The works of Marx and Dunayevskaya totally transformed my understanding of the world and how it can be changed. So much of my understanding of Marx is influenced by Dunayevskaya’s interpretation that I can’t separate them. So let me just say that one key thing I learned from both of them is that capitalists aren’t to blame: they’re just functionaries for the system, personifications of capital. And another key thing I learned from Dunayevskaya is the importance of internal contradiction, especially internal contradictions within the left. Once you start thinking this way, you no longer regard the opponent’s might as an adequate explanation of our own failures and you stop thinking that replacing the opponent with a different set of personifications of capital is any kind of solution.
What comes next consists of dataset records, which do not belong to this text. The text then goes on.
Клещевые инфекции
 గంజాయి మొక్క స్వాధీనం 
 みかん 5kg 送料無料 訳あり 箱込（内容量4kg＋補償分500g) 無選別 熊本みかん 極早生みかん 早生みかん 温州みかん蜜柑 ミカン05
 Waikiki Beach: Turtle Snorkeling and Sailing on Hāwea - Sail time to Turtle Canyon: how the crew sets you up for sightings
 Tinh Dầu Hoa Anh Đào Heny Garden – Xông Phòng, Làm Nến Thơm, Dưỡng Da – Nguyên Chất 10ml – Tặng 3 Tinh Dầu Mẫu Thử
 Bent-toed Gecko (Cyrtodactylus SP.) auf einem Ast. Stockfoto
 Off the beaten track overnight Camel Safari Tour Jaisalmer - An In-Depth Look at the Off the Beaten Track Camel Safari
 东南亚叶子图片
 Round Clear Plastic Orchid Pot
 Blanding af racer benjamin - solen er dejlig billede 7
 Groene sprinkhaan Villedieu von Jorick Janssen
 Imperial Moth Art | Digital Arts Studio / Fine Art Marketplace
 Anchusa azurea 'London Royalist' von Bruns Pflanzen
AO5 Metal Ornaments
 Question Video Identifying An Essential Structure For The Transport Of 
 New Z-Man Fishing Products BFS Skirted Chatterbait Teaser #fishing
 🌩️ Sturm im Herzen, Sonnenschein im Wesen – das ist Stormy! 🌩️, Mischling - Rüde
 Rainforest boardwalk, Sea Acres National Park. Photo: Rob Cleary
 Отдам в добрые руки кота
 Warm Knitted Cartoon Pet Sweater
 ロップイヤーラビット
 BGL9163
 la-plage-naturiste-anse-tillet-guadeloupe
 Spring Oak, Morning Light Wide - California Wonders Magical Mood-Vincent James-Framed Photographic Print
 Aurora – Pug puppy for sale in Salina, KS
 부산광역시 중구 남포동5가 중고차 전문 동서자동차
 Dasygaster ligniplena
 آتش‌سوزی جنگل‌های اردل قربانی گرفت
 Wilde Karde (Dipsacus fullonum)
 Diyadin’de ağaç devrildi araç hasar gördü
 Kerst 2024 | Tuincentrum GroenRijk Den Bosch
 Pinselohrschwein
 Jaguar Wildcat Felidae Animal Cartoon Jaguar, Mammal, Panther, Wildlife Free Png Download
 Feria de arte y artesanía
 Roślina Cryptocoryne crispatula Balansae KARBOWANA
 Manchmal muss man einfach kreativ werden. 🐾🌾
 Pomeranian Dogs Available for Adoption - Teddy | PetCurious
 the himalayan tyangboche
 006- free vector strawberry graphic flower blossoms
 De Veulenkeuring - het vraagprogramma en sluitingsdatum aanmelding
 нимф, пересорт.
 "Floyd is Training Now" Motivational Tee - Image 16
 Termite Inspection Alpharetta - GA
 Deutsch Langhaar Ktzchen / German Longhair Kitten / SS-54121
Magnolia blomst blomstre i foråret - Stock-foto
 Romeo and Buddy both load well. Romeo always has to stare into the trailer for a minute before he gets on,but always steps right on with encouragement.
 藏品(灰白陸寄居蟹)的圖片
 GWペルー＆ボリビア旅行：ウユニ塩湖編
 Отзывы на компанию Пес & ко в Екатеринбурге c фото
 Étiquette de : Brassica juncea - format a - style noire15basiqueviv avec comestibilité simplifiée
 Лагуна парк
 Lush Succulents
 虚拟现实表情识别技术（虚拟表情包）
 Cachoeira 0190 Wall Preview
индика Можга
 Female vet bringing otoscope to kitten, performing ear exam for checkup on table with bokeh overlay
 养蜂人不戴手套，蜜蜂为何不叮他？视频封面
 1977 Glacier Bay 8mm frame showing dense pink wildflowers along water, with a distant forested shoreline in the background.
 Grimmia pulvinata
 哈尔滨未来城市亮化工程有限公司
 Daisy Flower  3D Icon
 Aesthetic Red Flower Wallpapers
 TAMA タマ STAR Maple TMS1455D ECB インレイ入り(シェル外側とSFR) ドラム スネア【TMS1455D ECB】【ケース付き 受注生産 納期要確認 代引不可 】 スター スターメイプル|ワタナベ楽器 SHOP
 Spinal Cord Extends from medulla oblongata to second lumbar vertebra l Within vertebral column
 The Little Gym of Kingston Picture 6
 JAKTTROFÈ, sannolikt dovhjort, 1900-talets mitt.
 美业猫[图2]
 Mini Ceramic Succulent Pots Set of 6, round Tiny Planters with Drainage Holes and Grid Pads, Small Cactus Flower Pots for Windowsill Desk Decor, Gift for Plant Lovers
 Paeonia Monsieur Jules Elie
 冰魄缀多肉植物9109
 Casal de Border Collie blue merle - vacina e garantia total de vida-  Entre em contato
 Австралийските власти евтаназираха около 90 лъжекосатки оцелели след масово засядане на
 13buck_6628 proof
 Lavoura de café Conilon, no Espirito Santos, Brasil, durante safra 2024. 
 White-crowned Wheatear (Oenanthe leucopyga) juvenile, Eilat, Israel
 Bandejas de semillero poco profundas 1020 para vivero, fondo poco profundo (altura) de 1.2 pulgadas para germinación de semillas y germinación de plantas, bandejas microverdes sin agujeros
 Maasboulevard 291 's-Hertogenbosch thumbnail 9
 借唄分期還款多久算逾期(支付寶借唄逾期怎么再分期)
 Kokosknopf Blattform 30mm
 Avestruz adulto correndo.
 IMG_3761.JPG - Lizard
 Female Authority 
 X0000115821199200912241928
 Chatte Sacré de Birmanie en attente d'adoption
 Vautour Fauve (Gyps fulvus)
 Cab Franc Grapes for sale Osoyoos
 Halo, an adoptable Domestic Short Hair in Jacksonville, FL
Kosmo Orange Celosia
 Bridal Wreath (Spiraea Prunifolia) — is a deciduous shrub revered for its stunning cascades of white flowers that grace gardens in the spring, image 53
These and many other ideas of theirs inform all of my work and they are what motivate all of it. In some cases, such as the last chapter of The failure of capitalist production, I think this comes out clearly in the content of what I say. In other cases, such as my effort to set the record straight regarding the alleged inconsistencies in Marx’s value theory, what reflects my philosophy and politics is this effort itself. But I can see how it might be hard at times to see the relationship between my work and theirs. On the one hand, I don’t spend a lot of time repeating what they said. They said it well enough the first time, and I can’t stand appeals to authority - I think that popularisations of Marx’s works have been downright detrimental. And I certainly don’t package my own views as theirs in the way that Marxist intellectuals often do to Marx. On the other hand, I’m not a good enough thinker to further develop their work in the foundational sense in which they developed it. So I do what I’m capable of doing, and avoid doing what I consider useless or harmful.


1. The interview was conducted by email.

2. A Kliman The failure of capitalist production: underlying causes of the Great Recession London 2012.

3. N Rogers, ‘Value, profit and crisisWeekly Worker July 5 2012.

4. E Farjoun and M Machover Laws of chaos: a probabilistic approach to political economy London 1983.

5. A Kliman Reclaiming Marx’s ‘Capital’: a refutation of the myth of inconsistency Lanham MD, 2007.